What the task requires
Reproduce the records below exactly, but leave their pictures out of the copy.

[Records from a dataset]
======

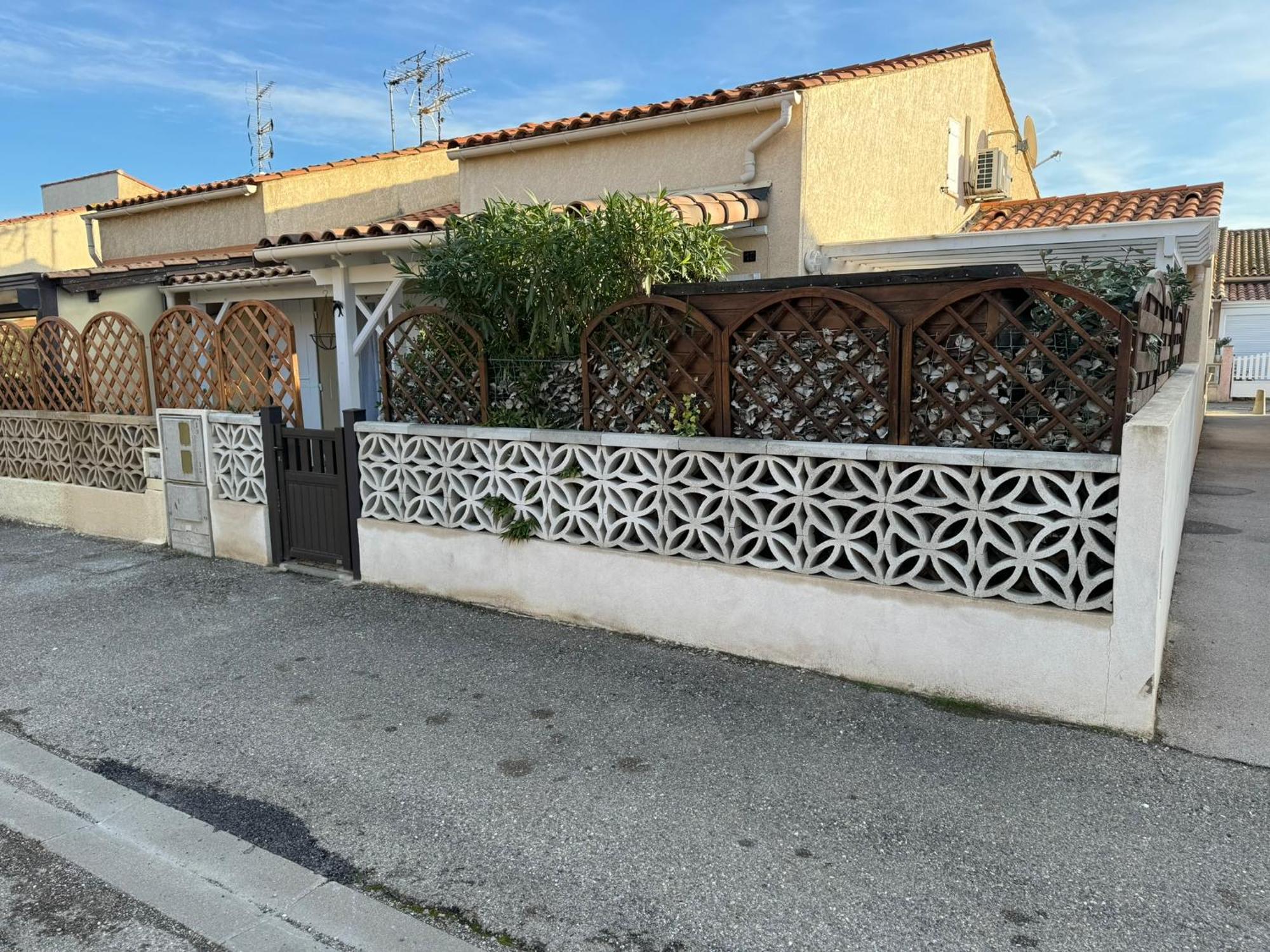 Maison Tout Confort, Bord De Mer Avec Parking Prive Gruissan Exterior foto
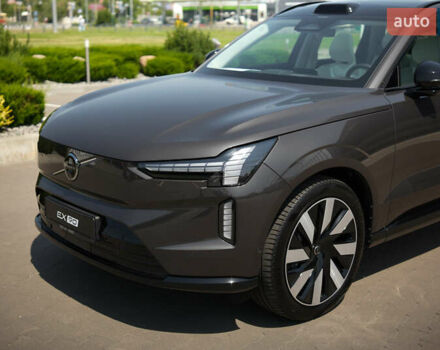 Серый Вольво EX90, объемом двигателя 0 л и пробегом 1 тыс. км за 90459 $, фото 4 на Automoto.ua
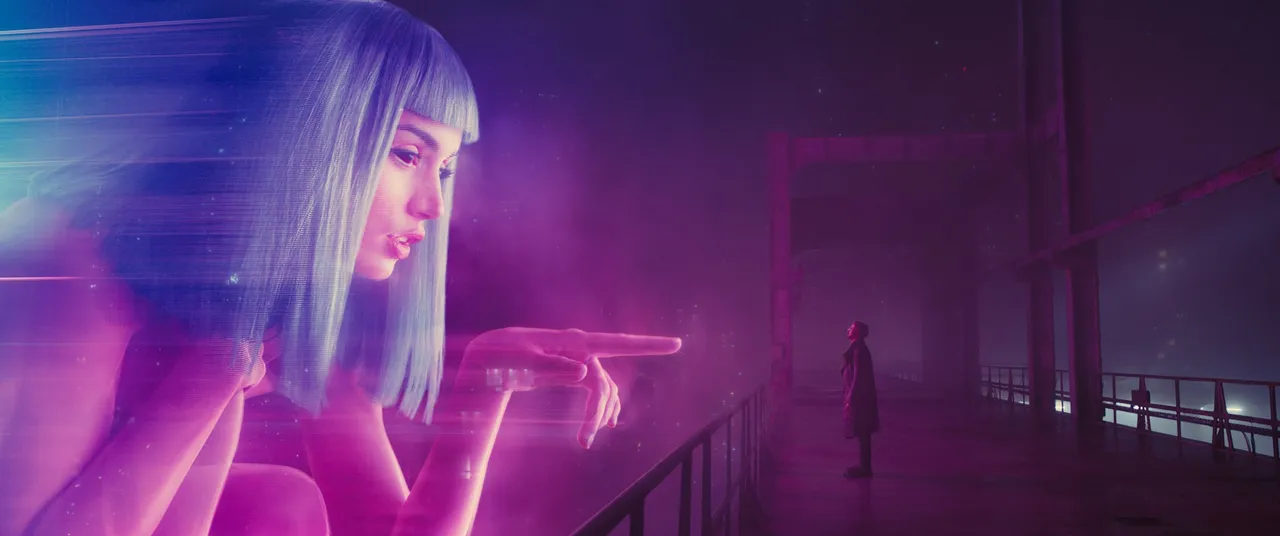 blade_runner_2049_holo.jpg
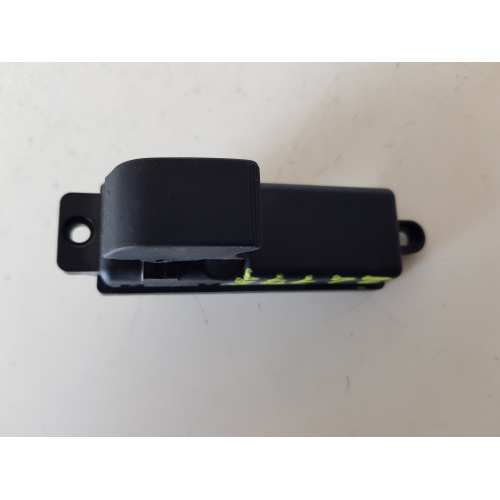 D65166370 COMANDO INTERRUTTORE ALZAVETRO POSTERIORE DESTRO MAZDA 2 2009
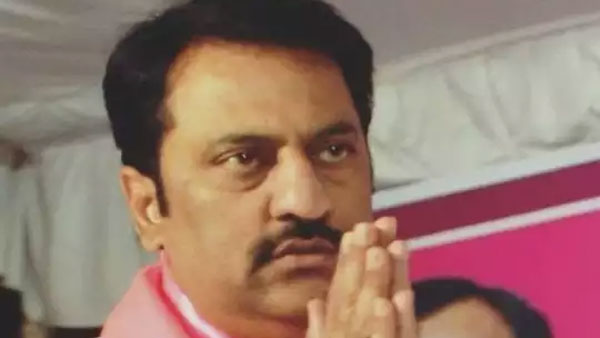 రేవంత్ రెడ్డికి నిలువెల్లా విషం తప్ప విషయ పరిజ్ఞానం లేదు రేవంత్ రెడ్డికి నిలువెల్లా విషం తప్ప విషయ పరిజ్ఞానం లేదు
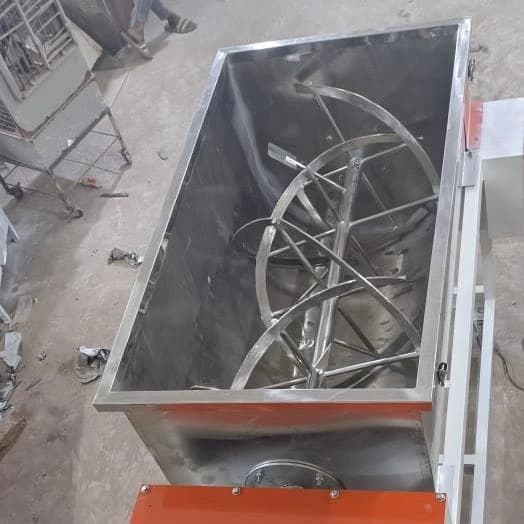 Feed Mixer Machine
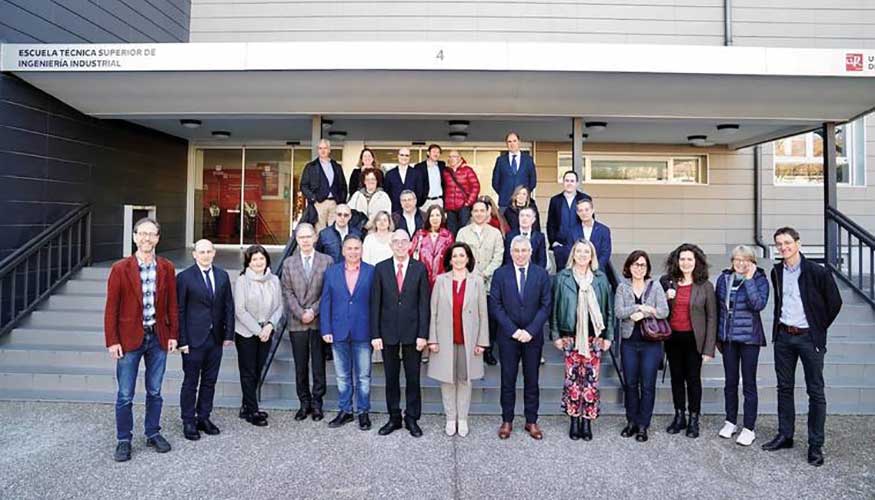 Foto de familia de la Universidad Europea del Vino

======

Written response
 Maison Tout Confort, Bord De Mer Avec Parking Prive Gruissan Exterior foto
 Серый Вольво EX90, объемом двигателя 0 л и пробегом 1 тыс. км за 90459 $, фото 4 на Automoto.ua
 blade_runner_2049_holo.jpg
 D65166370 COMANDO INTERRUTTORE ALZAVETRO POSTERIORE DESTRO MAZDA 2 2009
 రేవంత్ రెడ్డికి నిలువెల్లా విషం తప్ప విషయ పరిజ్ఞానం లేదు రేవంత్ రెడ్డికి నిలువెల్లా విషం తప్ప విషయ పరిజ్ఞానం లేదు
 Feed Mixer Machine
 Foto de familia de la Universidad Europea del Vino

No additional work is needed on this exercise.